• WHAT NEEDS TO BE DONE
Having found the line containing "Labo 2019 yil 159 000 km yurgan, holati zo'r" in the records below, copy that line and each later one exactly, dropping pictures.

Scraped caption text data
-- -- --

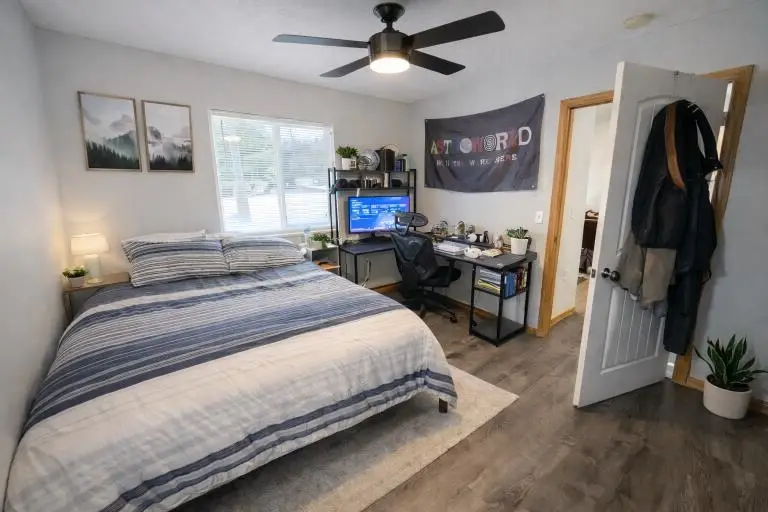 1312 Vinewood, Clare, MI 48617 - #3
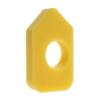 6 Pack Replacement Air Cleaner Foam Filter Sponge Cleaner Element for Lawn Mower Air Filters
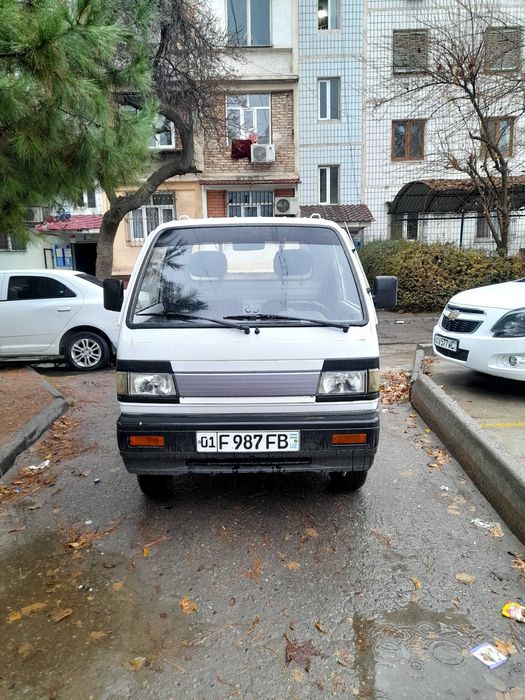 Labo 2019 yil 159 000 km yurgan, holati zo'r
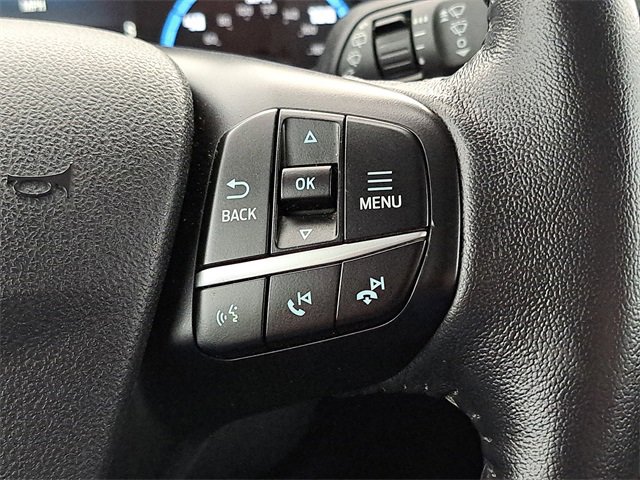 Certified 2022 Ford Bronco Sport Big Bend w/ Convenience Package image 19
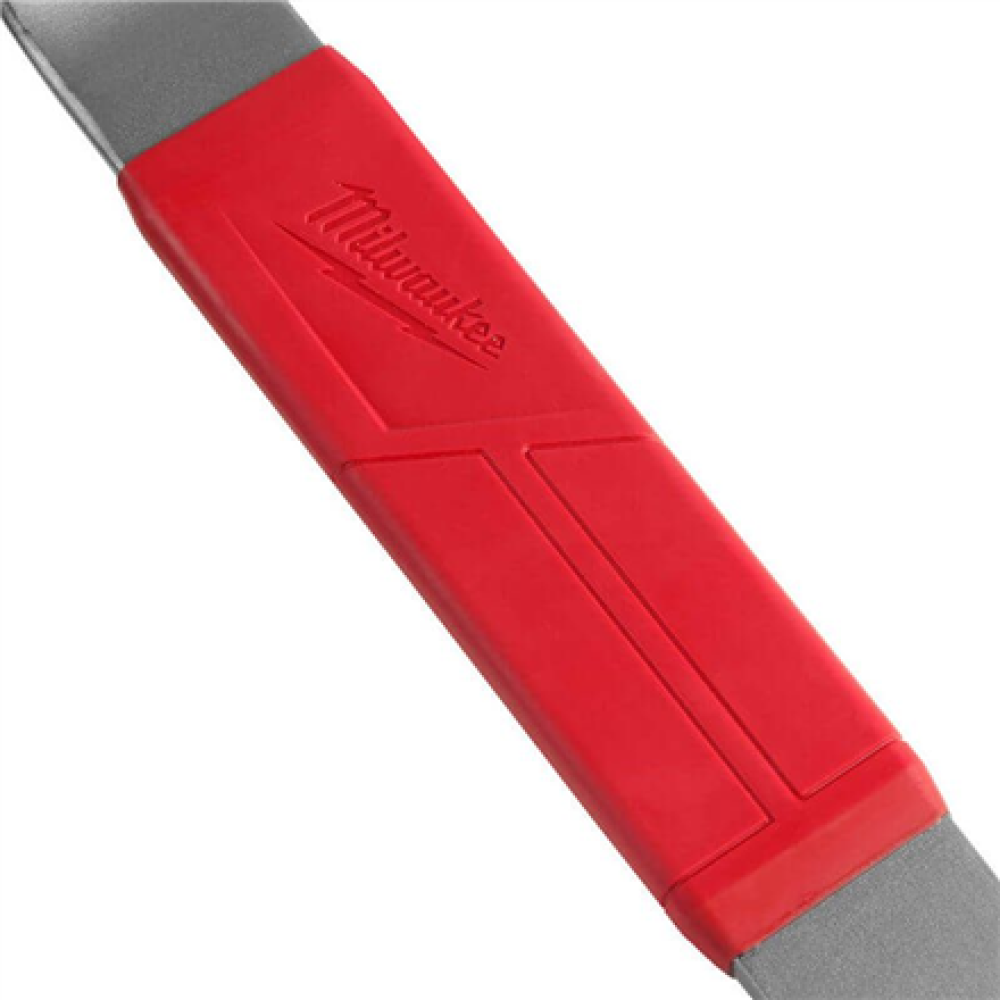 Milwaukee , 12 Wrecking Pry Bar Nail Flooring Lever Demolition Tool
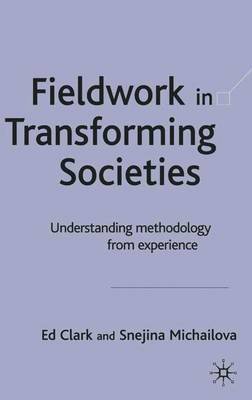 Fieldwork in Transforming Societies image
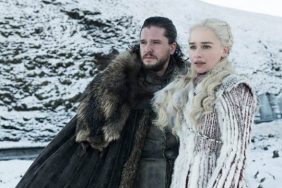 HBO's Game of Thrones Season 8 Photos Released!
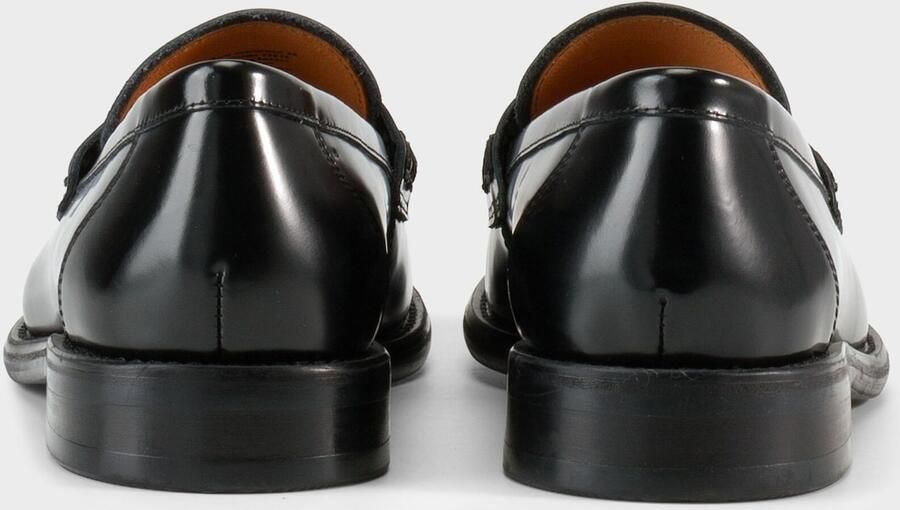 VAGABOND SHOEMAKERS Linn 004 Loafers Dames Instappers Zwart - Foto 3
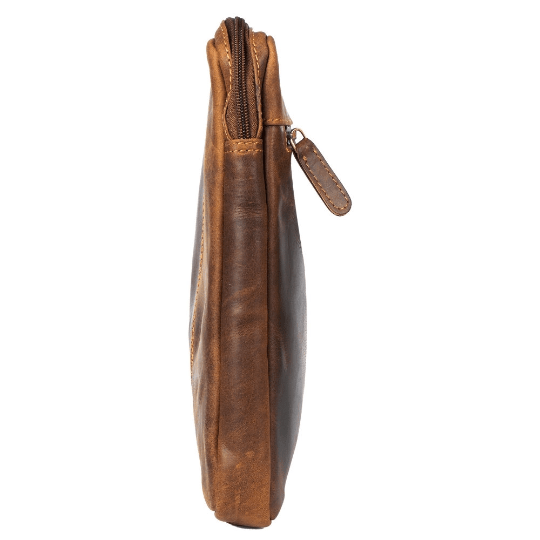 Leather Laptop Sleeve 16 Inch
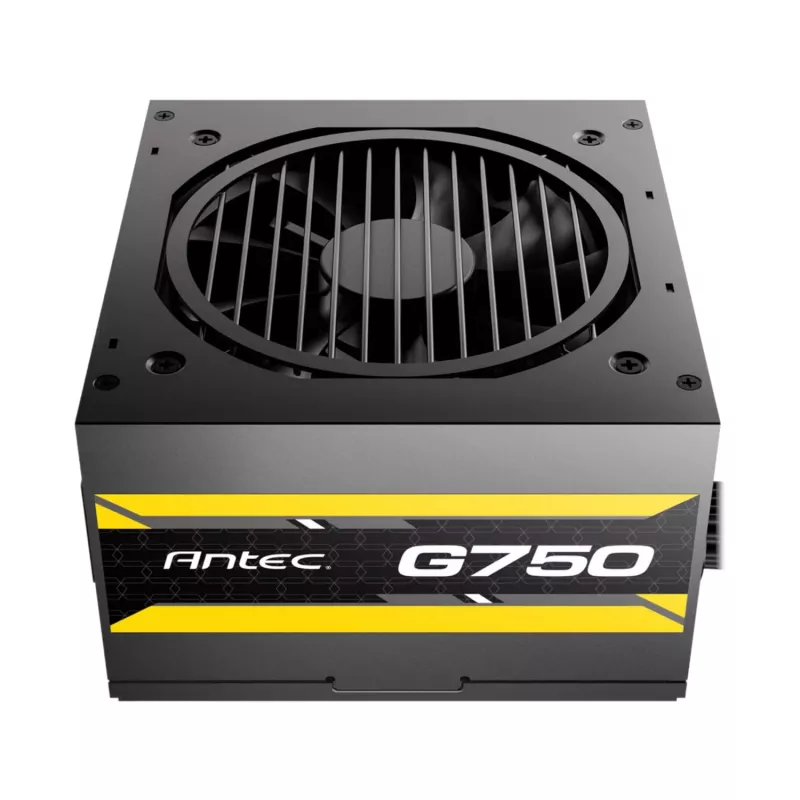 Antec Atom G750 semi-modulaire voeding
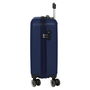 Valise cabine El Pulpo Blue marine 20'' 20 L 34,5 x 55 x 20 cm
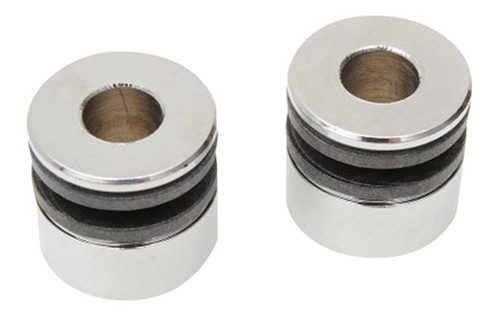 4-POINT DETACHABLE DOCKING HARDWARE KITS &amp; BUSHINGS
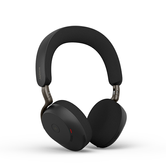 Jabra Evolve3 75MS Link 390 USB-A Azul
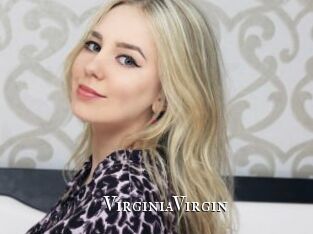 VirginiaVirgin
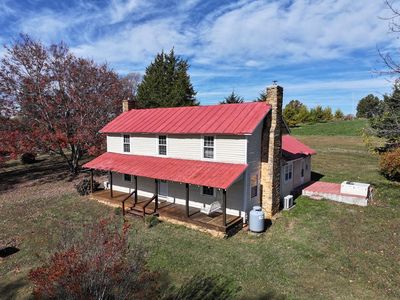3374 Salem Hwy, Stuart, VA, 24171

-- -- --

• WRITTEN RESPONSE
 Labo 2019 yil 159 000 km yurgan, holati zo'r
 Certified 2022 Ford Bronco Sport Big Bend w/ Convenience Package image 19
 Milwaukee , 12 Wrecking Pry Bar Nail Flooring Lever Demolition Tool
 Fieldwork in Transforming Societies image
 HBO's Game of Thrones Season 8 Photos Released!
 VAGABOND SHOEMAKERS Linn 004 Loafers Dames Instappers Zwart - Foto 3
 Leather Laptop Sleeve 16 Inch
 Antec Atom G750 semi-modulaire voeding
 Valise cabine El Pulpo Blue marine 20'' 20 L 34,5 x 55 x 20 cm
 4-POINT DETACHABLE DOCKING HARDWARE KITS &amp; BUSHINGS
 Jabra Evolve3 75MS Link 390 USB-A Azul
 VirginiaVirgin
3374 Salem Hwy, Stuart, VA, 24171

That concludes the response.